En effet, lors d’une conférence, sur place, le vendredi 19 mai, Emmanuel Macron a mis les pieds dans le plat. "J'aurais une exigence renforcée à l'égard des Etats du Sahel et de l'Algérie", a-t-il déclaré, avant de souligner qu'"on ne peut pas manifester quelque faiblesse que ce soit à l'égard de groupements terroristes, quelles que soient les raisons politiques domestiques", sans plus de précision.
Pour Fayçal Métaoui, journaliste et éditorialiste au quotidien "El Watan", alors que son élection avait été très chaleureusement saluée par Alger, Emmanuel Macron a sans doute commis là une première maladresse diplomatique.
"Il est évident que le président français n’a pas bien expliqué de quoi il s’agit, mais l’on pense qu’il voulait parler du chef d’un groupe terroriste qui s’appelle Iyad Ag Ghali et de l’attitude pas très claire de l’Algérie vis-à-vis de ce chef qui serait quelque part entre le Mali et l’Algérie bien qu’Alger ait ouvertement condamné toute action terroriste, explique le journaliste algérien. Sur ce dossier, il y a une certaine sensibilité en Algérie parce que mettre en doute sa capacité ou sa manière de lutter contre le terrorisme et sa vision par rapport à la question du Sahel risque de refroidir, ne serait-ce que partiellement, les relations entre la France et l’Algérie même s’il n’y a pas encore eu de réaction officielle à ces déclarations du président Macron. Le dossier du Mali est considéré comme un dossier très sensible pour la diplomatie algérienne, géré de main de maître par le ministère des Affaires étrangères et par la présidence algérienne.
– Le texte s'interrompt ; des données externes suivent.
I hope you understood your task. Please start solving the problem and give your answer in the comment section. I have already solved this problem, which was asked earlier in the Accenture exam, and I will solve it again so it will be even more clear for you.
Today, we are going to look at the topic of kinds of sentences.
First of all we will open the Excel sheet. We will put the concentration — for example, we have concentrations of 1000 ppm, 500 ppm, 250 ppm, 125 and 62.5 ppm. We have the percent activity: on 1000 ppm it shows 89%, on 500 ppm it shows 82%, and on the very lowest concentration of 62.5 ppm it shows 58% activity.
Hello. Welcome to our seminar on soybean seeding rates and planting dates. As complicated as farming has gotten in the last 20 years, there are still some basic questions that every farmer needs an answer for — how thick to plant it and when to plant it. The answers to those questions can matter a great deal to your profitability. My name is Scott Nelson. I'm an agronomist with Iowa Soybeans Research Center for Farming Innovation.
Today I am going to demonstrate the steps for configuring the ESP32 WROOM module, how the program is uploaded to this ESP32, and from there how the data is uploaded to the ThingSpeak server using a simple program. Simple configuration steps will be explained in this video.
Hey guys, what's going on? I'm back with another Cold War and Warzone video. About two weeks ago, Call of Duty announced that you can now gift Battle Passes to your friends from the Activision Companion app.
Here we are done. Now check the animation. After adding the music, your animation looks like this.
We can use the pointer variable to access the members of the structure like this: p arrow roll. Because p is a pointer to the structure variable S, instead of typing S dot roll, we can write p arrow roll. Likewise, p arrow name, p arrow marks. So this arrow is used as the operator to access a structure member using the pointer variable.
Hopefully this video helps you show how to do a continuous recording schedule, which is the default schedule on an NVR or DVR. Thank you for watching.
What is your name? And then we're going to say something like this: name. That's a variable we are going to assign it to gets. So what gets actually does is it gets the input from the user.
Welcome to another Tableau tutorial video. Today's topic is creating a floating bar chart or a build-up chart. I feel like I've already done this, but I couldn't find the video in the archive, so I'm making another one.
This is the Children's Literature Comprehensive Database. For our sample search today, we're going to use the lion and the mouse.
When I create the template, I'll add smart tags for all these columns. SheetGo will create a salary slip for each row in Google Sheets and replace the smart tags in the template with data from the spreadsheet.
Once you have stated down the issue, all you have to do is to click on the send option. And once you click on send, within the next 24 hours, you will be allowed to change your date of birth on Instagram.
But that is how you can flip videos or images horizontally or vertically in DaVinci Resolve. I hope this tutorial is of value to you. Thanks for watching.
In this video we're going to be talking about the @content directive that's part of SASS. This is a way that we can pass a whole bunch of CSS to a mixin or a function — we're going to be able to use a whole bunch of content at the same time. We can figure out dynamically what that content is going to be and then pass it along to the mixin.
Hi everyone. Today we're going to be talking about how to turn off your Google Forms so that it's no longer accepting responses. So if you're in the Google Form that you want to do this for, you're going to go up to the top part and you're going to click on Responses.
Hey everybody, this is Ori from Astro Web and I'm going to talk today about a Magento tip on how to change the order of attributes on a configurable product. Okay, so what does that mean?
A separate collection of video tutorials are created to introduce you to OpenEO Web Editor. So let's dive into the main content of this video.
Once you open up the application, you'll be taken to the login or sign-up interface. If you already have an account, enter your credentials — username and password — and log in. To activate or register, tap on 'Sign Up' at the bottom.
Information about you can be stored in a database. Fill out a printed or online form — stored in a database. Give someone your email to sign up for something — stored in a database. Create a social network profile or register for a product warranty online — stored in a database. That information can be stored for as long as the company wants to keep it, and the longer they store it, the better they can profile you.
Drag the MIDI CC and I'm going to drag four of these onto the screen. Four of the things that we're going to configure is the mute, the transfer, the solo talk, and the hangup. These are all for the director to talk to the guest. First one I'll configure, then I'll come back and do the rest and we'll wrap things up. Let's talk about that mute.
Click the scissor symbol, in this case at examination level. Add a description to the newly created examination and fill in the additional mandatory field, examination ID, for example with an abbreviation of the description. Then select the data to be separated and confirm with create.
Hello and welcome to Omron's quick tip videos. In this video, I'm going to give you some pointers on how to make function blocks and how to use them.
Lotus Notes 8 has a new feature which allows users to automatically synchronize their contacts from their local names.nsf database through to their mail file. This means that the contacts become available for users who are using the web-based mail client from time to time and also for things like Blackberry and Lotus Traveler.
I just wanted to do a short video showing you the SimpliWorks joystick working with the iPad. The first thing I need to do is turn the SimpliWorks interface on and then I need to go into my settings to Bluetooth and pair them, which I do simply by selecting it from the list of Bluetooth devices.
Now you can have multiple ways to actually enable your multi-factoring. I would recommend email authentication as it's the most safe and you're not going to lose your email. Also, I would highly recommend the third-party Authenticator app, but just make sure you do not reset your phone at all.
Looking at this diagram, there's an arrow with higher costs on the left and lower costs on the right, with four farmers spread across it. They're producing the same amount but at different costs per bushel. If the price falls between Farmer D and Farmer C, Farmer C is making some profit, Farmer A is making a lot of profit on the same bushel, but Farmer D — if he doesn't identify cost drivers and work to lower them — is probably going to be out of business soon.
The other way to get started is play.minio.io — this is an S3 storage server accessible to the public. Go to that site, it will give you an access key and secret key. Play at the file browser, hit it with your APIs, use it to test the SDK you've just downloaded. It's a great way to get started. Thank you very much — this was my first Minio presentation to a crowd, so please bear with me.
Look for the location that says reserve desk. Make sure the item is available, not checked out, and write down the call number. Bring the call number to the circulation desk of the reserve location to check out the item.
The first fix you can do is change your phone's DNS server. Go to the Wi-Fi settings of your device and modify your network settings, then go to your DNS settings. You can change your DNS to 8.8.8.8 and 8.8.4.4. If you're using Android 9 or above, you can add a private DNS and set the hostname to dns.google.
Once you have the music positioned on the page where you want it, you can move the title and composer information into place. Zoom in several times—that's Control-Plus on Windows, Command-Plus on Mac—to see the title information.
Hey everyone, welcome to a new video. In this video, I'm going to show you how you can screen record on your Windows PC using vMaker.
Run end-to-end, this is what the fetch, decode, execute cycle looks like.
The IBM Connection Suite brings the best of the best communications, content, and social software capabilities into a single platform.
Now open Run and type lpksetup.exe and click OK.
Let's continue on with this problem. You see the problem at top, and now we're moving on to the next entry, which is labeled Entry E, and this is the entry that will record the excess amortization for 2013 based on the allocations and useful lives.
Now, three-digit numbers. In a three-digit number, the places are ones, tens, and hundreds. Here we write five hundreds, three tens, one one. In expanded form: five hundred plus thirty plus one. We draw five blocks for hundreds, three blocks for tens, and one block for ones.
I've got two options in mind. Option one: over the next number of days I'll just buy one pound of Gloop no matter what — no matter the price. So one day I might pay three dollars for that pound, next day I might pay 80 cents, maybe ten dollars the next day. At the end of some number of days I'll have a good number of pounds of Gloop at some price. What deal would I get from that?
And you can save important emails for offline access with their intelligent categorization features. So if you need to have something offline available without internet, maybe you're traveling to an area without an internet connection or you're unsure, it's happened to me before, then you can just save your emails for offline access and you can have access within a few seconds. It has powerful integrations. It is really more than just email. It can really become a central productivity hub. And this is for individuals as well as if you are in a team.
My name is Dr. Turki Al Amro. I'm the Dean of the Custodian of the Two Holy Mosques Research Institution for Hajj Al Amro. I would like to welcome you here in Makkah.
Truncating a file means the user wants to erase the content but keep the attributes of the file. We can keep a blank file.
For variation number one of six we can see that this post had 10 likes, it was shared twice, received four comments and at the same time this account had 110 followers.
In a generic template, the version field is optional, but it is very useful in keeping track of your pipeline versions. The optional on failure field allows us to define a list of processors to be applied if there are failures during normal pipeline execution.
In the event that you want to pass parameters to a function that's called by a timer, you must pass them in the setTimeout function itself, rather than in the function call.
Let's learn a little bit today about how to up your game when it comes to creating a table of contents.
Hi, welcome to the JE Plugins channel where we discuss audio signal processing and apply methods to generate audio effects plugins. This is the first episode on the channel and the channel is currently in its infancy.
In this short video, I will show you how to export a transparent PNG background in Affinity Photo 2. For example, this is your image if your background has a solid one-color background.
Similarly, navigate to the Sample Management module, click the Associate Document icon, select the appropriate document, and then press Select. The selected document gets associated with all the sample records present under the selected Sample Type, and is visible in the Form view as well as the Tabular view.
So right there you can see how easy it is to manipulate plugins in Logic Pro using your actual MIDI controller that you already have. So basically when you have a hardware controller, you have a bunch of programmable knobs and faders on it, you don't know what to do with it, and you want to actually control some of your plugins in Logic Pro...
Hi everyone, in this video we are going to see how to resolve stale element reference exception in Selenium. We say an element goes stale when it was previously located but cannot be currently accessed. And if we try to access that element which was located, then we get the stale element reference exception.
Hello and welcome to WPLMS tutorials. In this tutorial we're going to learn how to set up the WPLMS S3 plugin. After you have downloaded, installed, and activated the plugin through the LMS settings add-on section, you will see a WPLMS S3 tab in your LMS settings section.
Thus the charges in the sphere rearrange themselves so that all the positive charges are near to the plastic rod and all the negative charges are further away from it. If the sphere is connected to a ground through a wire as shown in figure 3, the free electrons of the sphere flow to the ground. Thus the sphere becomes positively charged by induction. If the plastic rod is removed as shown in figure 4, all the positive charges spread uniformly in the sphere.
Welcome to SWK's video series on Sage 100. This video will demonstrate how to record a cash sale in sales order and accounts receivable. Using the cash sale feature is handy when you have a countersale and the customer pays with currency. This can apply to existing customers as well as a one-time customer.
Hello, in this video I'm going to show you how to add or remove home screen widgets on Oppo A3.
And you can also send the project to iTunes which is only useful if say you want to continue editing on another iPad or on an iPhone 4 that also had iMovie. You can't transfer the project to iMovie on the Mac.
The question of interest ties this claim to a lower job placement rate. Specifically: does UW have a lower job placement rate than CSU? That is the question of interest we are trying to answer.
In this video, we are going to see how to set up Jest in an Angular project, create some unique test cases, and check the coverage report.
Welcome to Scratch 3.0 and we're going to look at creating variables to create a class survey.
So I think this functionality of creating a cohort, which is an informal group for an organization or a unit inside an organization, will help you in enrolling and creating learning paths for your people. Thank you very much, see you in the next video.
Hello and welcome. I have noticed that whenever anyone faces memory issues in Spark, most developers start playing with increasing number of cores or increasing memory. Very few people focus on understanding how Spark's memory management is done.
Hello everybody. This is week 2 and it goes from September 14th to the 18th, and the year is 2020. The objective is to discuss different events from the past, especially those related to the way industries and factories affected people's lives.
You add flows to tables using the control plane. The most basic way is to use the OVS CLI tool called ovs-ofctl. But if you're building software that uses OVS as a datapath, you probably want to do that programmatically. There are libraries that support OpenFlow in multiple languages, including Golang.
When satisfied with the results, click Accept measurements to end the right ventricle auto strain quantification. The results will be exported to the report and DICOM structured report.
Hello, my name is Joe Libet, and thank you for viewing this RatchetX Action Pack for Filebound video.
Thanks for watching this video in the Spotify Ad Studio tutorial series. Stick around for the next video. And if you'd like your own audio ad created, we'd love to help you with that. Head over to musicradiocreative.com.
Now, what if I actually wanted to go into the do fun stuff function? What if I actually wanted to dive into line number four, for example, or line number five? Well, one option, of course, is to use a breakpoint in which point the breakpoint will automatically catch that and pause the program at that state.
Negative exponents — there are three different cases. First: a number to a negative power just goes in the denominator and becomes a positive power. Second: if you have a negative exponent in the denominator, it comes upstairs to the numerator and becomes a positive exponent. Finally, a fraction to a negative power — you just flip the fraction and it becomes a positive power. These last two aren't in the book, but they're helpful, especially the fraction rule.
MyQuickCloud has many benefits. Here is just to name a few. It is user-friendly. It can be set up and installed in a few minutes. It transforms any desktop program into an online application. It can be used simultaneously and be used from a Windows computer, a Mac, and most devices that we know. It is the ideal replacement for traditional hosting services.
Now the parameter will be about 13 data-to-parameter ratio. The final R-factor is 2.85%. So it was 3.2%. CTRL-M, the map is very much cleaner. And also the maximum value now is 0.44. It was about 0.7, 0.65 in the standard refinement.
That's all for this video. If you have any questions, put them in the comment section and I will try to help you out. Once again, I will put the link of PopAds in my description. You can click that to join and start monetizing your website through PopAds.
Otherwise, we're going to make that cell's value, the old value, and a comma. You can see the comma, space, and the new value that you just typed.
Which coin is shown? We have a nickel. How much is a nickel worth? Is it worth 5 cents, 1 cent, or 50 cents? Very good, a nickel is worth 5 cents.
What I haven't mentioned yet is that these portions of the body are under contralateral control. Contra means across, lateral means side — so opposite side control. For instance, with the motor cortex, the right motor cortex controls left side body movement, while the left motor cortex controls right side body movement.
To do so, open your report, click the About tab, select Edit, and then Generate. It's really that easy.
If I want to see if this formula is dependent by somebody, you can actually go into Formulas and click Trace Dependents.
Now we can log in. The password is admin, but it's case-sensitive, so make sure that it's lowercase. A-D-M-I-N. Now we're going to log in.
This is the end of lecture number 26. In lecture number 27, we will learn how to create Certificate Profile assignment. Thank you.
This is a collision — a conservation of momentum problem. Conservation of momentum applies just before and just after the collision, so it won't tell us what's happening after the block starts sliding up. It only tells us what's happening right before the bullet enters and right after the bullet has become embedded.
Je pense que ces déclarations pourraient déteindre, ne serait-ce que partiellement, sur les relations entre les deux pays", a-t-il prévenu.
Le moins que l’on puisse dire, c’est que la nouvelle posture de la France qui se ravise en reconnaissant le rôle prépondérant de l’Algérie est tout bénéfice pour notre pays.
Il faut rappeler que les accords d’Alger du 4 juillet 2006, de Tamanrasset du 6 janvier 1991, ont tous été signés sous la médiation algérienne.
La question de la situation sécuritaire au Mali et des négociations de paix ont été l'un des sujets discutés au sommet du G5-Sahel qui s’est tenu dimanche dans la capitale, en présence d'Emmanuel Macron.